On the first day of the course, you and every other of your classmates will be in the same boat. You will all be learning together, so there is no level of disadvantage for anyone. Just try to keep positive and remember you are on the course because you share the same passions and interests as those of your classmates, no matter if you’ve studied a different course!

  • Use your skills to your advantage!

Publishing has many varied areas from design to finance. So there are plenty of opportunities for the skills you have learned to shine! The skills you have will always work as an advantage to you and help to make you stand out from the others on the course. Also, if they are taught in class and people are struggling, make sure you’re available to give them a helping hand. It’s also key to keep your skills on your publishing CV, even though they may not seem relatable – you never know if they may come in handy.

  • Take as many opportunities as you can!

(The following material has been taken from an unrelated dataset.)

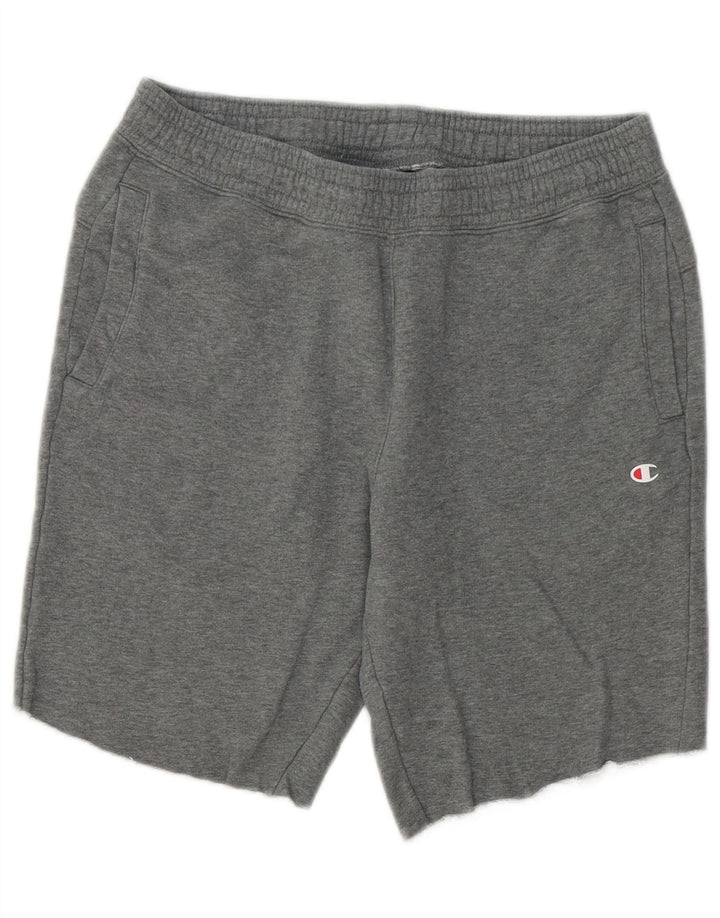 Pantaloncini sportivi da uomo Champion grigio medio chiazzato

From internships to a call for help from tutors – make sure they know what you are skilled and interested in. If you work hard and show you’re interested with your skills, you will get noticed. It’s so important in the professional world to demonstrate you have a unique selling point because you’ll be more memorable to people who may have a job for you under their sleeves!

These are tips that I have learned from this first term on the course. It’s so important to make sure that you believe in yourself, and if you have a strong love for books and a passion for reading – you’ll fit in here just fine!

Good luck to you if you’re just about to send in your application, or just about to finish your graduate exams. Hope to see you soon at UCL!